[Image-caption web data]
==========
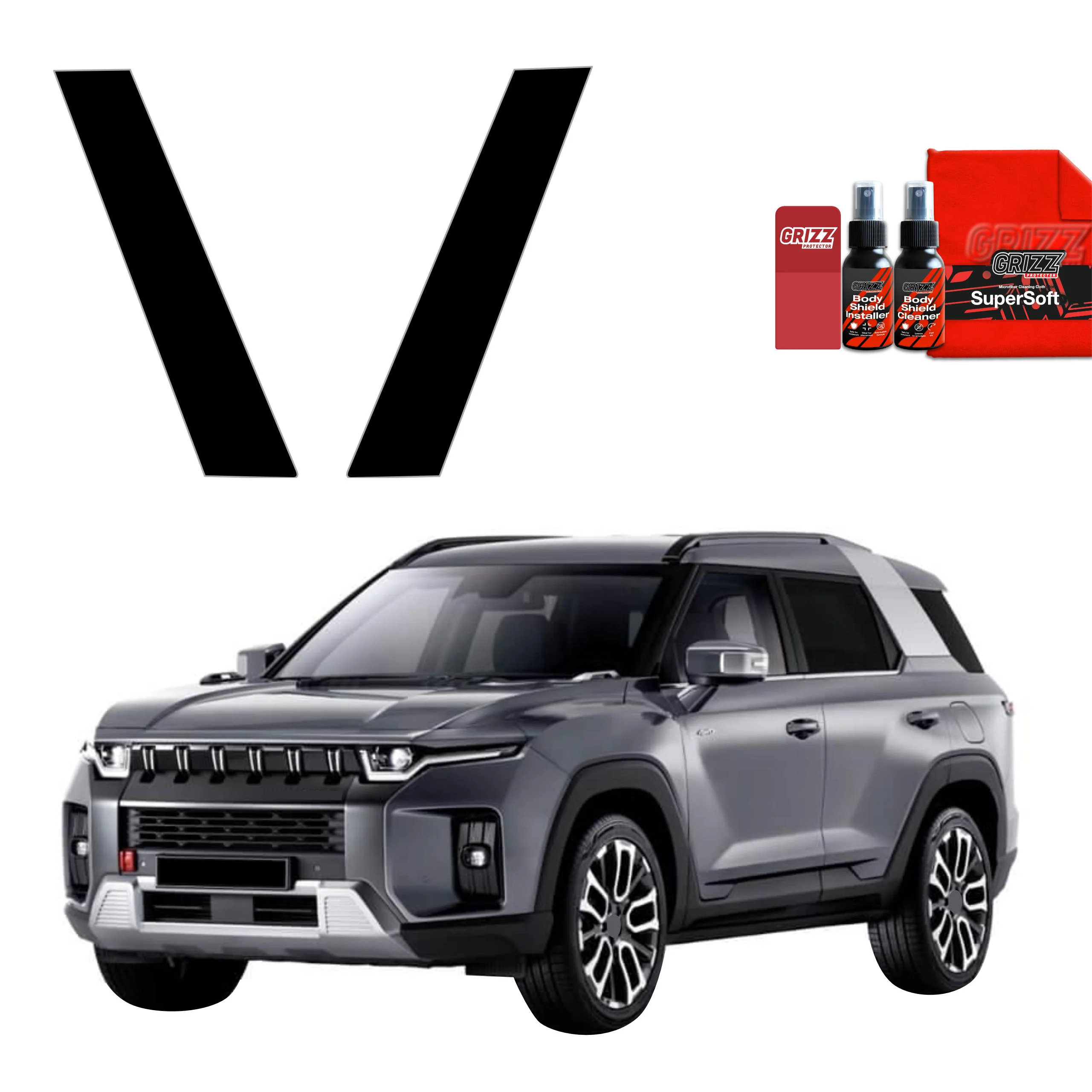 2in1 Schwarze schutzfolie fĂŒr C-SĂ€ule - SsangYong Torres (2024-2026)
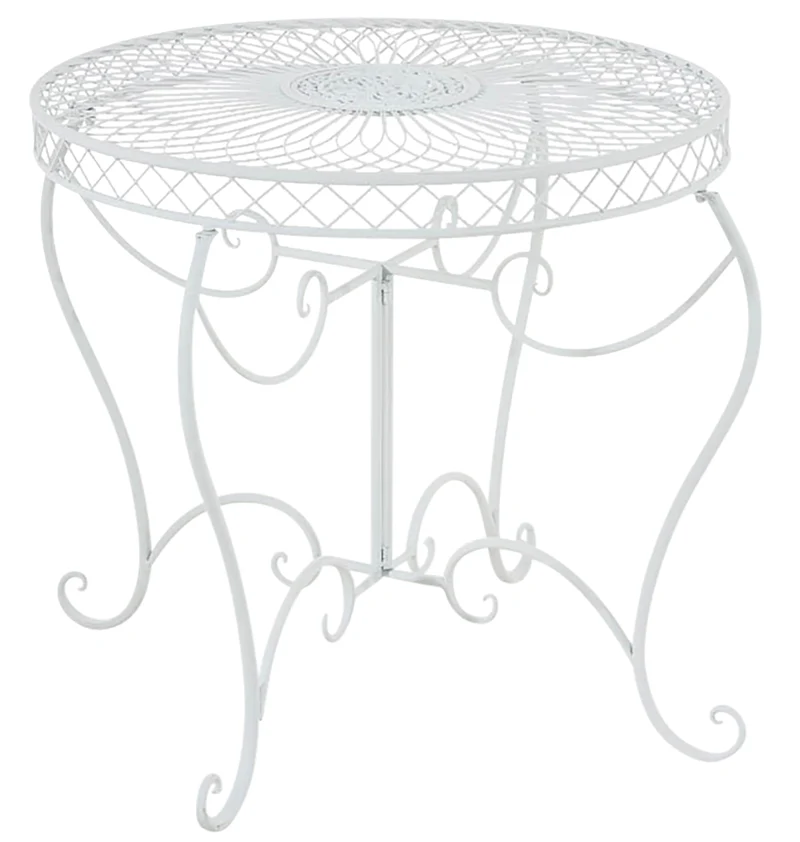 Table de jardin balcon terrasse design rustique hauteur 69 cm en métal blanc 10_0004008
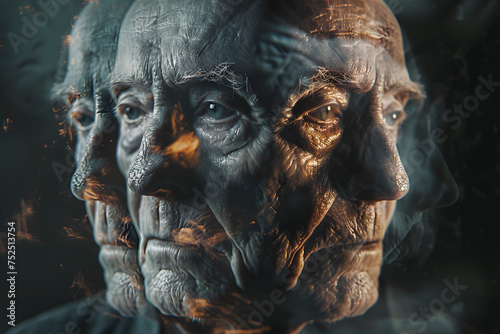 multiple images of an older man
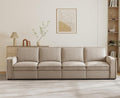 EALSON 119" Modular Sectional Sofa Modern Comfy 4-Seater Couch Sofa Linen Fabric Upholstered Cloud Couches with 24" Deep Seat and Wooden Legs for Bedroom/Living Room/Office, Oatmeal
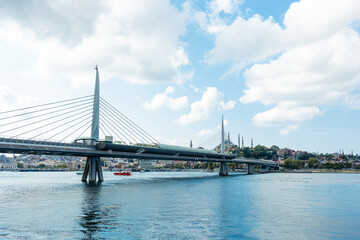 Istanbul, Turkey. Scenic view of the Bosphorus Strait with city view in the background. Urban skyline and city life.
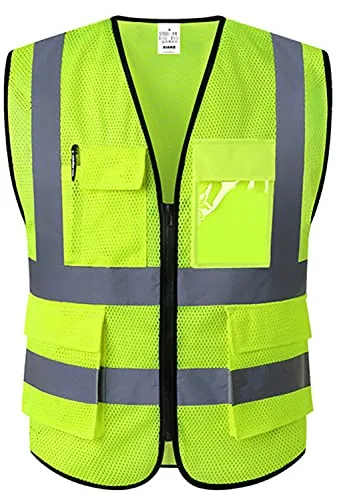 XIAKE Mesh Safety Vest ANSI Class 2 Hi-Vis Yellow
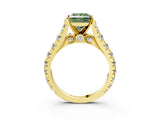 Yellow gold Fancy Green Princess  Cut Diamond Pavé Band Solitaire with Four-Prong Setting_18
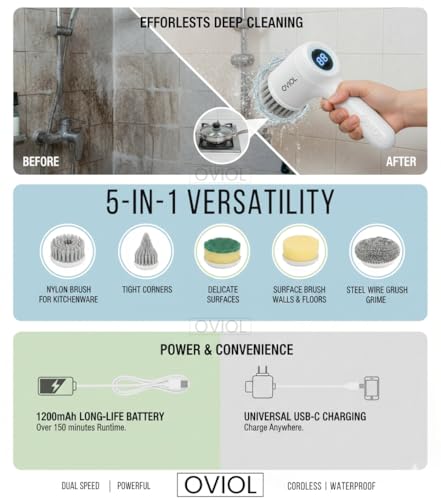 Image of OVIOL Electric Spin Scrubber - 5-in-1 Handheld Power Scrubber with LED Display, 2-Speed Rechargeable Cleaning Brush, 1200mAh Battery & 5 Interchangeable Heads for Bathroom, Kitchen & Tile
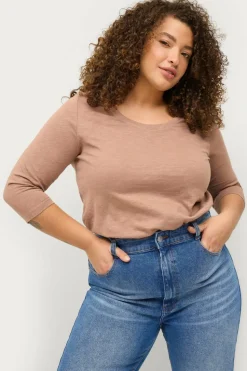 Ellos Plus collection Langermet topp med rund hals
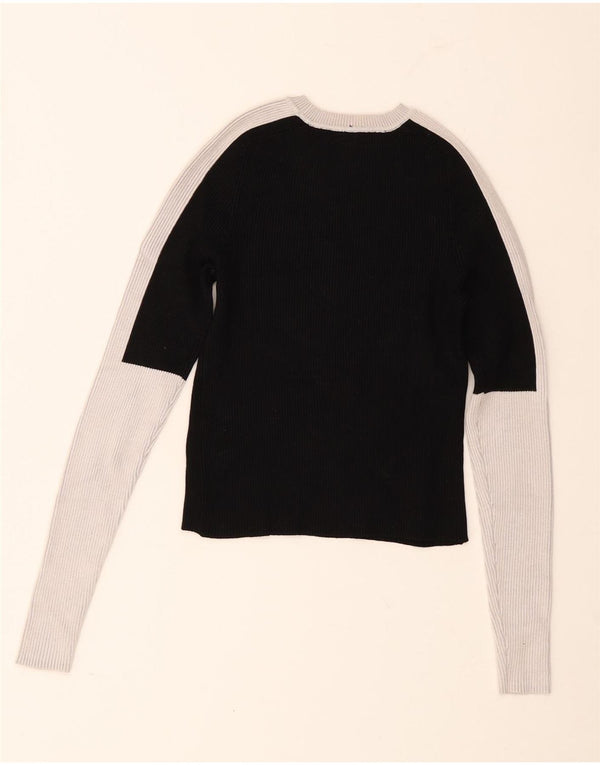 Top corto a maniche lunghe da donna Zara UK 12 color block medio nero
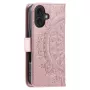 iPhone 17 ruusukulta mandala suojakotelo – kameran aukko ja kohopainatus lähikuvassa.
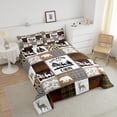 thumbnail image 2 of Retro Cabin Comforter Set Twin Wildlife Bear Elk Deer Hunting Bedding Set,Reindeer Moose Woodland Animals Quilt Brown Camouflage Grid Lattice Patchwork Duvet Insert,Pine Trees Farmhouse Decor, 2 of 5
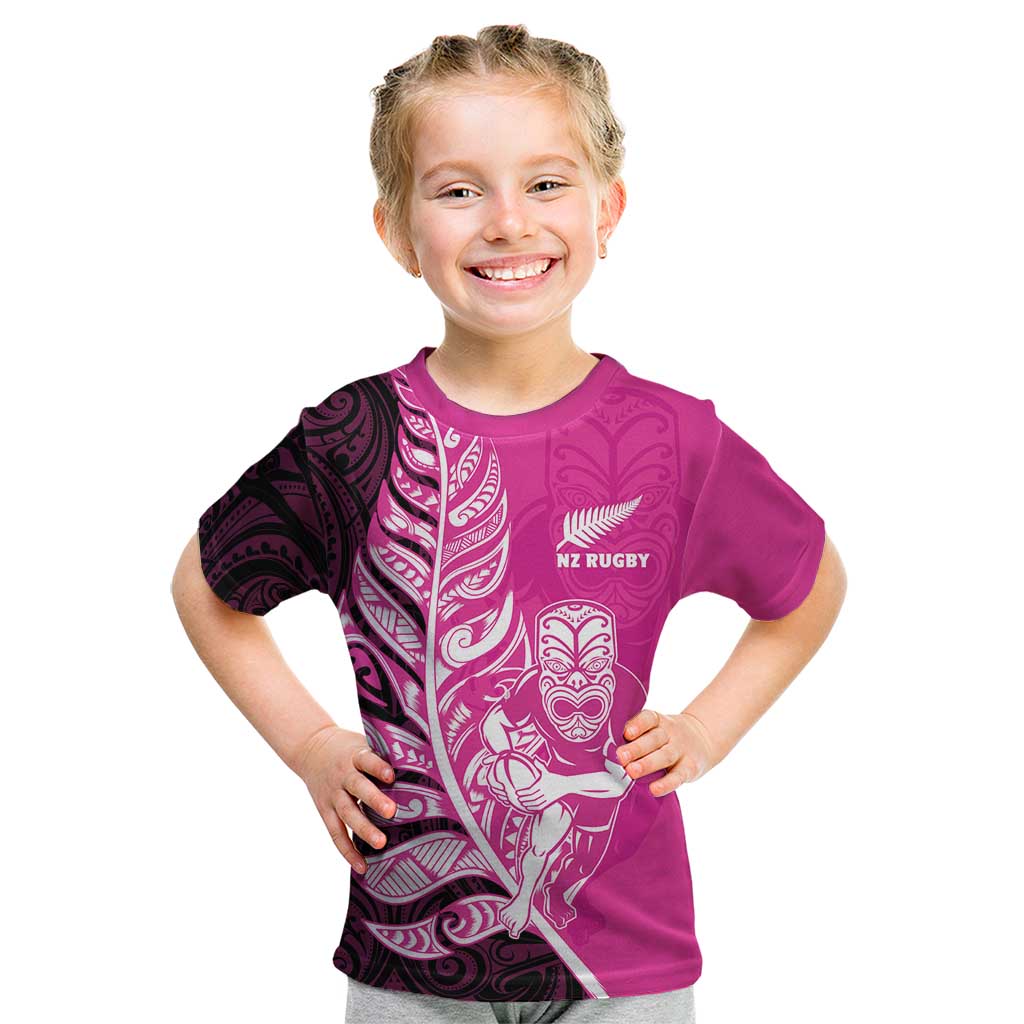 New Zealand Silver Fern Rugby Custom Kid T Shirt All Black Maori Pattern Pink LT14 Pink - Polynesian Pride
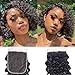 Brazilian Hair Deep wave 3 Bundles with Closure(10 12 14 + 10) Curly Virgin Hair Bundles with 4x4 Free Part Closure Unprocessed Deep Curly Human Hair Extension Natural Color for Black Women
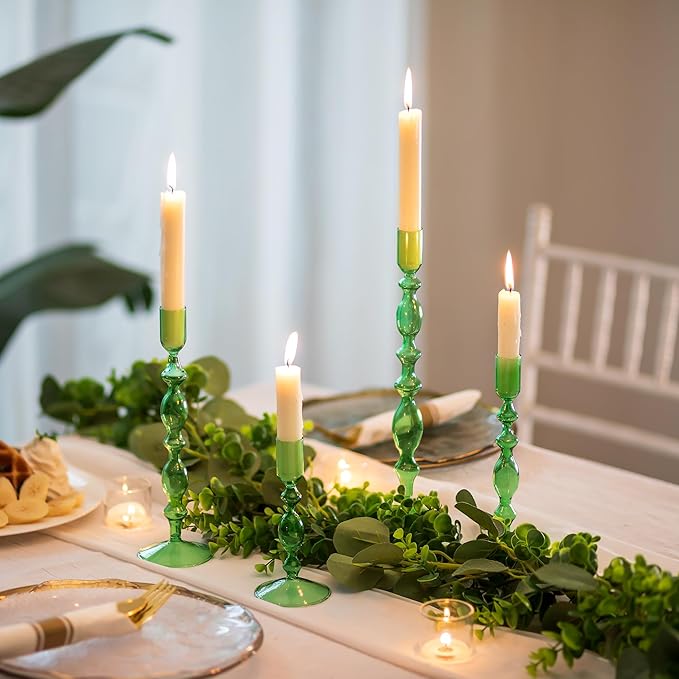 Glasseam Green Glass Candle Holder: Tapered Candlestick Holders Set of 4 Modern Candle Stick Holders for Taper Candlesticks Tall Decorative Candle Holders for Centerpiece Dining Table Christmas Party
==========
What to work on - Begin with the line that has "Image of OVIOL" and continue to the last line of the entries, printing each line exactly and nothing else; include both ends and skip the pictures.

Task output -
 Image of OVIOL Electric Spin Scrubber - 5-in-1 Handheld Power Scrubber with LED Display, 2-Speed Rechargeable Cleaning Brush, 1200mAh Battery & 5 Interchangeable Heads for Bathroom, Kitchen & Tile
 Ellos Plus collection Langermet topp med rund hals
 Top corto a maniche lunghe da donna Zara UK 12 color block medio nero
 iPhone 17 ruusukulta mandala suojakotelo – kameran aukko ja kohopainatus lähikuvassa.
 thumbnail image 2 of Retro Cabin Comforter Set Twin Wildlife Bear Elk Deer Hunting Bedding Set,Reindeer Moose Woodland Animals Quilt Brown Camouflage Grid Lattice Patchwork Duvet Insert,Pine Trees Farmhouse Decor, 2 of 5
 New Zealand Silver Fern Rugby Custom Kid T Shirt All Black Maori Pattern Pink LT14 Pink - Polynesian Pride
 Brazilian Hair Deep wave 3 Bundles with Closure(10 12 14 + 10) Curly Virgin Hair Bundles with 4x4 Free Part Closure Unprocessed Deep Curly Human Hair Extension Natural Color for Black Women
 Glasseam Green Glass Candle Holder: Tapered Candlestick Holders Set of 4 Modern Candle Stick Holders for Taper Candlesticks Tall Decorative Candle Holders for Centerpiece Dining Table Christmas Party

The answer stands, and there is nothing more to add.